World Loses Legendary Bluesman Willie King
March 2009
Alabama Blues Project



On Sunday, March 8, 2009, the outstanding Alabama blues musician Willie King passed away near his home in Old Memphis, Alabama, following a massive heart attack. His career started on a plantation with a one-string, homemade diddly-bo. Six recordings, a DVD, numerous national and international festival performances later, Willie King gained a substantial national and international reputation.

Ever since he first heard a blues musician play at his grandmother’s juke joint over sixty years ago, Willie King was consumed by the blues. His life story is about great music, but equally it is about care, interest and concern for the community he grew up in - King's own definition of the "blues life."

The loss of this great blues man will be felt by fans and musicians all over the world who have been touched by his unique juke joint blues and uplifting message of peace, love and social justice.

The funeral is scheduled for Sunday, March 15th, and will be held at the City Hall in Aliceville, Alabama, with viewing the day before at Lavender's Funeral Service, Aliceville. Timing and other details will be posted, when available, at Willie King's web site, www.willie-king.com.

The following is an article written to commemorate Willie King's selection for this year's prestigious Alabama Folk Life Heritage Award, one of the Governor's Arts Awards presented by the Alabama State Council on the Arts.

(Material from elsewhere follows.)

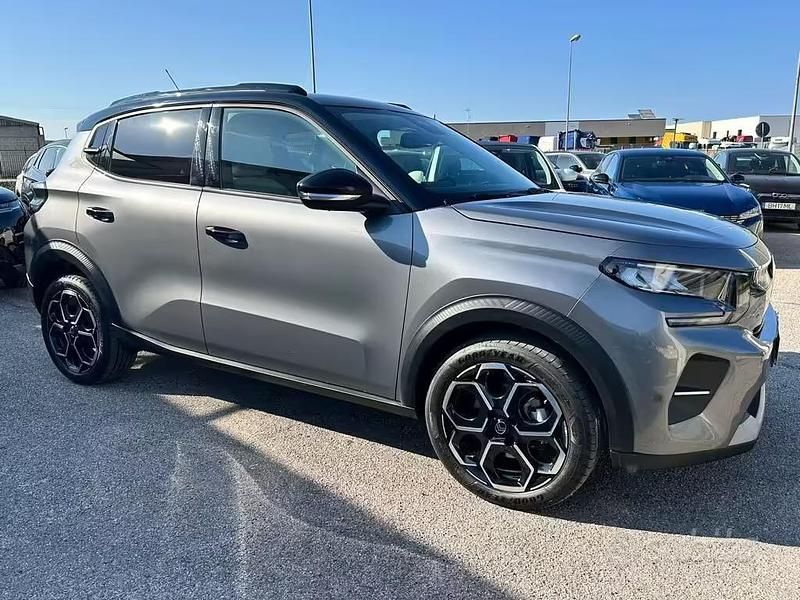 Usata Citroën C3 101 CV (74 kW) 2024 Grigio Berlina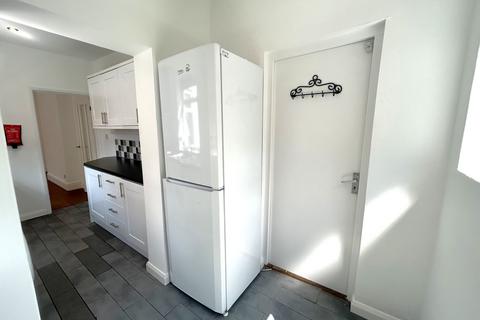 3 bedroom terraced house to rent, Pinner Road, Sheffield, S11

Willie King – outstanding bluesman and committed community activist.

Ever since he first heard a blues musician play at this grandmother’s juke joint, Willie King has been consumed by the blues. “It got all over me,” he says, “and wouldn’t let me go.” He has been mining a deep groove ever since and has never stopped practicing, performing, writing and developing the blues according to Willie King.

In recognition of a musical career that started on a plantation with a one-string, homemade diddly-bo and has led to a national and international reputation, the state of Alabama is awarding Willie King this year’s Folk Life Heritage Award.

Willie King’s story is about music but equally it is about his care, interest and concern for the community he grew up in and the cultural skills, which he calls “traditional survival skills,” that helped his oppressed community survive and develop despite some very hard times. King credits his grandfather with instilling him with these values and giving him the desire “. . . to do at least half-way right!”

Willie King was born in 1943 in Prairie Point, Mississippi, living first with his parents and later with his grandparents, the sharecroppers Fred and Sue Frazer. At age six his family moved to Pickens County, Alabama, to work on a plantation there, and apart from a brief sojourn in Chicago, King has lived in Alabama ever since.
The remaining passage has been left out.